Now that we have all four possible routes, we need to determine which is the shortest. We only need to compare the squares of the distances, so we can ignore the square root signs. (This is because if $a$ and $b$ are positive, then $\sqrt{a}<\sqrt{b}$ if and only if $a<b$.) We have \begin{align*} d_1^2 &= h^2-\phantom{0}3h+112.5\\ d_2^2 &= h^2-25h+158.5\\ d_3^2 &= h^2-10h+125\\ d_4^2 &= h^2-26h+173 \end{align*} We see that they all have an identical $h^2$ term, so we might as well subtract this and just compare the linear parts; we write $y_1=d_1^2-h^2$ and so on: \begin{align*} y_1 &= 112.5- 3h\\ y_2 &= 158.5-25h\\ y_3 &= 125 -10h\\ y_4 &= 173 -26h \end{align*}

We are interested in the range $1.5\le h\le 3$ (the fly is in the upper half of the room).
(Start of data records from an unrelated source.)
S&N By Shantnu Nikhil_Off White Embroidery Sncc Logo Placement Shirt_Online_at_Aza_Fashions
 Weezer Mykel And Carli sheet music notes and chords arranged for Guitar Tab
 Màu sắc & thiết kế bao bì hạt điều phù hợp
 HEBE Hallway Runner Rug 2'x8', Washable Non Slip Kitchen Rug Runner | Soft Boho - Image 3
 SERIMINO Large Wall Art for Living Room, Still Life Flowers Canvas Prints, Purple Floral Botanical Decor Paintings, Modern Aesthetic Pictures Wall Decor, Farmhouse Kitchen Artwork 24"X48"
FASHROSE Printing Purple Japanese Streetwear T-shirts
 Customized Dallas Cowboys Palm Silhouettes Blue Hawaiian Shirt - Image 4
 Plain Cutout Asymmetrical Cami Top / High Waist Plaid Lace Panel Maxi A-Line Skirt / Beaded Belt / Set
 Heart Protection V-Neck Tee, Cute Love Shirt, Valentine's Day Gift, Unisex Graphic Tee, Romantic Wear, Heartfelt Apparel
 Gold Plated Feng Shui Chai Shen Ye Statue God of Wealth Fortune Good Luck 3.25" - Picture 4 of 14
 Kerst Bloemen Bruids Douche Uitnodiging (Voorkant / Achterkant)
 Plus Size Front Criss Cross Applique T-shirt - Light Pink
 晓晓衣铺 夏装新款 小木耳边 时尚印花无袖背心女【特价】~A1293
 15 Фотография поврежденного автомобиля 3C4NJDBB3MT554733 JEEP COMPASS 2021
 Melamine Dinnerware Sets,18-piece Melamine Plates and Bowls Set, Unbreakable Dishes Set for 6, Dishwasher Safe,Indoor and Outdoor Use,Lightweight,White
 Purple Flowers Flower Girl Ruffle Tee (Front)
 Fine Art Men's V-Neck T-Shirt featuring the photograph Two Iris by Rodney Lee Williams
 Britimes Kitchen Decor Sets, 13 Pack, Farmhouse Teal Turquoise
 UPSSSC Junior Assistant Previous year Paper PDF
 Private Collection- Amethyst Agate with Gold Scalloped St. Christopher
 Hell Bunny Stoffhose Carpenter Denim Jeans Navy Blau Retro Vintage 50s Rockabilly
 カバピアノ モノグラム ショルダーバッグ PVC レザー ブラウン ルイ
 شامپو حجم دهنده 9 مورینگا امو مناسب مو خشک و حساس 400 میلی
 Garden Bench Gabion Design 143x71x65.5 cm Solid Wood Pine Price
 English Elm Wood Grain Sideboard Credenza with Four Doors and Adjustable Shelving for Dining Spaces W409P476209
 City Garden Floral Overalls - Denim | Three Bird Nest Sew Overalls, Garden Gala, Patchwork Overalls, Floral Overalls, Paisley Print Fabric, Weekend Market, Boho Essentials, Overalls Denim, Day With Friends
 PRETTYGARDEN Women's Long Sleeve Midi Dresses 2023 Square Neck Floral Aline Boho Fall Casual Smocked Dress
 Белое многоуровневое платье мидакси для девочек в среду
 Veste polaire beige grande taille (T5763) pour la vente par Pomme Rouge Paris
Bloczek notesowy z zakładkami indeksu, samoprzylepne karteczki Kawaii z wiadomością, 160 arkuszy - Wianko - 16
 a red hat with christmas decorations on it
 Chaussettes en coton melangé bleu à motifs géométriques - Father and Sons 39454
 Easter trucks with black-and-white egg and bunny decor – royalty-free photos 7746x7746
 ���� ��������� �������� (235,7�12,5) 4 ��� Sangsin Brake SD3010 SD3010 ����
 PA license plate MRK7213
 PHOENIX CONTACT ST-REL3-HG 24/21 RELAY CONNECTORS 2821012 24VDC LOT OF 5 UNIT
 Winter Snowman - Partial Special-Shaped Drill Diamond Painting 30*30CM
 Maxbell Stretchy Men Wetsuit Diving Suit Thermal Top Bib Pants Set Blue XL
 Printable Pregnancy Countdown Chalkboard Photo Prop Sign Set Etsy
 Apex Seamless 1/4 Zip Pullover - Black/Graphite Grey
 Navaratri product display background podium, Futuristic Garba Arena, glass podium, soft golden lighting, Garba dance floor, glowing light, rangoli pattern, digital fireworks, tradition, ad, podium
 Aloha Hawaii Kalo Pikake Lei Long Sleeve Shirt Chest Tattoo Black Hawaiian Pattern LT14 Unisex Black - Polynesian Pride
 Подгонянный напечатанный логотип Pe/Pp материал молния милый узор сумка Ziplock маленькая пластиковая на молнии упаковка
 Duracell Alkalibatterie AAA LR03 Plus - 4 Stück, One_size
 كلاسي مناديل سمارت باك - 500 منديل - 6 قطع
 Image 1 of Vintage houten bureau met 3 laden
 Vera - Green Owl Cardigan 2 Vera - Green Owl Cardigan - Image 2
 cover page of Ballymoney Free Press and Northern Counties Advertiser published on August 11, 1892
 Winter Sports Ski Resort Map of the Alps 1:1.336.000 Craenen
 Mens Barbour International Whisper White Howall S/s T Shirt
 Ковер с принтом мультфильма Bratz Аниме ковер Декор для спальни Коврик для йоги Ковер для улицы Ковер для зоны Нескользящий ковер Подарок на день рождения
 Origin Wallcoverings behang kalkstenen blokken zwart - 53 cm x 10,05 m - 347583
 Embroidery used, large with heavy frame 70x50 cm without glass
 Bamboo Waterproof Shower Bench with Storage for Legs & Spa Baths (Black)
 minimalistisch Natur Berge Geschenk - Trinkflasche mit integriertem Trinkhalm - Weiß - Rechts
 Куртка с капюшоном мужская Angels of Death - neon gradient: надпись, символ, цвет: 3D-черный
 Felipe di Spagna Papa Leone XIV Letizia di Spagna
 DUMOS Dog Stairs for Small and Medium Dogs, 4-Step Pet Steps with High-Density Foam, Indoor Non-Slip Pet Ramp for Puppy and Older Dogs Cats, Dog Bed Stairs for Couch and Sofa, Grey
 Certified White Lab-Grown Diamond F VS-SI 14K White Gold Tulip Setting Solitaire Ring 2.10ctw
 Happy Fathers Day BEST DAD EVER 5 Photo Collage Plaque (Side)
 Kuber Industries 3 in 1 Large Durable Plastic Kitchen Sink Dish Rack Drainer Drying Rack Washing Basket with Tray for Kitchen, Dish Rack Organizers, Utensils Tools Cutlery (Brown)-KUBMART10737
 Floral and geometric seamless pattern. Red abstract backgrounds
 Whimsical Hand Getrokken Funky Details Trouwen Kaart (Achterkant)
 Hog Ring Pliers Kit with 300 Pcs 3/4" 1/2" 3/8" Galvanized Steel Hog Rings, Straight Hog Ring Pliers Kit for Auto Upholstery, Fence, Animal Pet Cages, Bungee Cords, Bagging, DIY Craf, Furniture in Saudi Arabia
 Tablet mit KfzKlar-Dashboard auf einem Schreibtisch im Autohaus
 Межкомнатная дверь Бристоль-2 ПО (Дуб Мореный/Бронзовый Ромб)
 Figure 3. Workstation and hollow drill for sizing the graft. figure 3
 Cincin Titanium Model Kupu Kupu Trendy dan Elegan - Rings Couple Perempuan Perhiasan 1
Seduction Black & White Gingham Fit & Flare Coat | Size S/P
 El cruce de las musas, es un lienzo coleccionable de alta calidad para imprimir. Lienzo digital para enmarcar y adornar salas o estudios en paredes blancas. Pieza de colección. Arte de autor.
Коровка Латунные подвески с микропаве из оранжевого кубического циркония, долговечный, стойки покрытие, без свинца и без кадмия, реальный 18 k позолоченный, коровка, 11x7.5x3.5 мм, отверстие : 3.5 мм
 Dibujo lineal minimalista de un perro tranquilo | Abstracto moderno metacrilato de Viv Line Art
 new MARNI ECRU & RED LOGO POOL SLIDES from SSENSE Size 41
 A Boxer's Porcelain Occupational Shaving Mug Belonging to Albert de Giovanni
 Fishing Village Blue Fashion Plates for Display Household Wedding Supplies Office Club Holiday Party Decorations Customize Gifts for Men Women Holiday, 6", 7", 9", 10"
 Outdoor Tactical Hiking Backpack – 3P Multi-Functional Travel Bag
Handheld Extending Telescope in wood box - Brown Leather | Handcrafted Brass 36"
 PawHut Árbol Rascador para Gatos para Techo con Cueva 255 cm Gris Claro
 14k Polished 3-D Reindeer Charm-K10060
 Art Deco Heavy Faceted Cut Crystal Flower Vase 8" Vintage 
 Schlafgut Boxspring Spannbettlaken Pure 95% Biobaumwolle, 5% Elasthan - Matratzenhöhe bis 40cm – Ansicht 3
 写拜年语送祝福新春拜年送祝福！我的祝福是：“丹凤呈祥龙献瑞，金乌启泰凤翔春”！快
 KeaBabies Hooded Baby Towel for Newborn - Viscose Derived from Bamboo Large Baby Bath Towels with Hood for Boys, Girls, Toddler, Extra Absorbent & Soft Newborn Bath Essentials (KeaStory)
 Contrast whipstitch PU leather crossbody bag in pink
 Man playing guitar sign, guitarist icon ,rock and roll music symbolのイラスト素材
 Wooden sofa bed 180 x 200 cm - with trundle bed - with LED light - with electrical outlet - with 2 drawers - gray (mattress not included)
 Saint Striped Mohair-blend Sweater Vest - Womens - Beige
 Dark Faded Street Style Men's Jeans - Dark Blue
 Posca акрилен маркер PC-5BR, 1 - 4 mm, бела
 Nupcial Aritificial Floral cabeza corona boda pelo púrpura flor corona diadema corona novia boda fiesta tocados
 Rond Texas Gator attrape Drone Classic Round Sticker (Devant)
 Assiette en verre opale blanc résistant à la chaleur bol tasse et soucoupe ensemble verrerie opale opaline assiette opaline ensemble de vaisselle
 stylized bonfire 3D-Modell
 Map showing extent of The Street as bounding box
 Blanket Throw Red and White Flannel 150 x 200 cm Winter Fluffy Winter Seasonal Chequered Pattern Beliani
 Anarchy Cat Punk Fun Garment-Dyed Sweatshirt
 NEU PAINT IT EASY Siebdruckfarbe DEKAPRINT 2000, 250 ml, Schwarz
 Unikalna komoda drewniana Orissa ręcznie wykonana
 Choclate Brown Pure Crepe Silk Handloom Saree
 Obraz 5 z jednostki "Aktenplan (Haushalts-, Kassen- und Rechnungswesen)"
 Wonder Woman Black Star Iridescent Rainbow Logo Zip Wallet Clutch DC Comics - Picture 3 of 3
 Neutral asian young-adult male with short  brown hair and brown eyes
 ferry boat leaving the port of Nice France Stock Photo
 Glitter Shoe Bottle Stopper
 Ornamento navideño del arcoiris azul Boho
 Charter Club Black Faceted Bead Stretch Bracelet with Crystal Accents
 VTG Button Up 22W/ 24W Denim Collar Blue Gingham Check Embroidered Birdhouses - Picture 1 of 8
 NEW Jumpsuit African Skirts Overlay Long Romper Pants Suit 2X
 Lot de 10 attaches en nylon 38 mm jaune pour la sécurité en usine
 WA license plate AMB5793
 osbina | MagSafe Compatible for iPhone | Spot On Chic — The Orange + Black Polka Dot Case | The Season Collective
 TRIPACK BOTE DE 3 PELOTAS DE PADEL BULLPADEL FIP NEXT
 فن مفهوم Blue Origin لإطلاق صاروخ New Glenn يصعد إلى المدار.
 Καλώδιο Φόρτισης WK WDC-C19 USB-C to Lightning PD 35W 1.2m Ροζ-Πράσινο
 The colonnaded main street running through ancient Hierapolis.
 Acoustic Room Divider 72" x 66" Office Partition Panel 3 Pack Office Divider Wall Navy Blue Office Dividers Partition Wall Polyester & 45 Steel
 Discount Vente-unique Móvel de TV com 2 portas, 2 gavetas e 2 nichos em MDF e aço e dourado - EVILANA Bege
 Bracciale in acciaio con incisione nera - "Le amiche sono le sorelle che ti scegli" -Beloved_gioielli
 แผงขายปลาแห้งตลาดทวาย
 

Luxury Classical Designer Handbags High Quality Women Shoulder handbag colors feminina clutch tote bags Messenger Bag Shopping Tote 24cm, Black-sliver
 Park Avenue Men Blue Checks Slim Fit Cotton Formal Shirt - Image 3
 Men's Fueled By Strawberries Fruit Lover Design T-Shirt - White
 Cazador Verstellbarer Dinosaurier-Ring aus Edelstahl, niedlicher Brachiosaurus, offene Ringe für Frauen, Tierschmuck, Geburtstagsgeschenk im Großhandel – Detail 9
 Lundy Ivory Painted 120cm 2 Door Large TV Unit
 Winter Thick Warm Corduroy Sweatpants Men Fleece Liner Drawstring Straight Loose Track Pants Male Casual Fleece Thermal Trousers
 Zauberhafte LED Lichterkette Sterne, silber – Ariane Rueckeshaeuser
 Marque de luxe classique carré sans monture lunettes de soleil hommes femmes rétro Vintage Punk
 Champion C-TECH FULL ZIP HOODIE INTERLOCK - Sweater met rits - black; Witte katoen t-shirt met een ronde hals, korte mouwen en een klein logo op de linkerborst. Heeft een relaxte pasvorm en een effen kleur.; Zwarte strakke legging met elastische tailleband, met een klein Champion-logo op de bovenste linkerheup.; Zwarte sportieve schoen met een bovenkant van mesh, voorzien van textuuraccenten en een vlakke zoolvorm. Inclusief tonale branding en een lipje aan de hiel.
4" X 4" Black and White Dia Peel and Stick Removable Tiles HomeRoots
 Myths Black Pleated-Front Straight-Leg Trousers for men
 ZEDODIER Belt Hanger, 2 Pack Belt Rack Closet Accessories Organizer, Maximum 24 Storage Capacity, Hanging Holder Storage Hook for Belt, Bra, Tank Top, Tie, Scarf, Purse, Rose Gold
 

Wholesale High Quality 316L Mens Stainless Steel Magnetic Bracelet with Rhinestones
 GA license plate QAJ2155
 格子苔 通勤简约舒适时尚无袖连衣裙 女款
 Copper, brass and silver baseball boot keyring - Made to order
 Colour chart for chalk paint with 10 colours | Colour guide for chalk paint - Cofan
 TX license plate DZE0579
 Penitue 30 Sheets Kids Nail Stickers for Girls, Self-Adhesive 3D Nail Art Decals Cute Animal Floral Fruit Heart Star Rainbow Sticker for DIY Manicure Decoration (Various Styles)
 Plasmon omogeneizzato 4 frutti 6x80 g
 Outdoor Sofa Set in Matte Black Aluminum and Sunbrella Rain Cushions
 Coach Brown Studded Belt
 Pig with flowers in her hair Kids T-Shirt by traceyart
Comparing these still looks a little tricky, so we use graph-plotting software to draw the four graphs; this will give us a good idea of what is going on and save us from having to do lots of unnecessary algebra.

This is the resulting graph. (The $h$-axis extends beyond $1.5$ and $3$ for convenience, even though $h$ can only take values between them.)

From the graph, we see that Route 1 is shortest for $1.5\le h<1.8$ (or thereabouts), then Route 3 is the shortest until $h\approx 2.25$. Then Route 2 is shortest until $h=3$. Route 4, via the wall and then the ceiling, is never shortest.

To find the transition points exactly, we need only solve equations such as $y_1=y_3$ to find where Route 1 and Route 3 are equal in length, and similarly for when Routes 3 and 2 are the same length.

If we had not used graph-plotting software, we would have been forced to work purely algebraically. We would have had to compare several other pairs of lines, so the software has saved us lots of needless effort.

The first transition occurs when $y_1=y_3$: we can substitute our formulae for $y_1$ and $y_3$ in to get $112.5- 3h=125 -10h$ which gives $7h=12.5$, so $h=1.79$ to 2 d.p.

The second transition occurs when $y_3=y_2$, giving $125 -10h=158.5-25h,$ so $15h=33.5$, so $h=2.23$ to 2 d.p.

#### Using symmetry and finishing off

We now know that Route 2, the ceiling route, is best for heights in the range $\quantity{2.23}{m}$ to $\quantity{3}{m}$. Thus by symmetry, the floor route is best for heights in the range the range $\quantity{0}{m}$ to $\quantity{0.77}{m}$.

Route 3, via the ceiling and then the side wall, is best for heights in the range $\quantity{1.79}{m}$ to $\quantity{2.23}{m}$. By symmetry, therefore, the route via the floor and then the side wall will be best for heights in the range $\quantity{0.77}{m}$ to $\quantity{1.21}{m}$.

Finally, Route 1, via the side wall, is best for heights in the range $\quantity{1.5}{m}$ to $\quantity{1.79}{m}$, and by symmetry, also for heights in the range $\quantity{1.21}{m}$ to $\quantity{1.5}{m}$. We can combine these ranges, and deduce that the side wall route is best for heights in the range $\quantity{1.21}{m}$ to $\quantity{1.79}{m}$.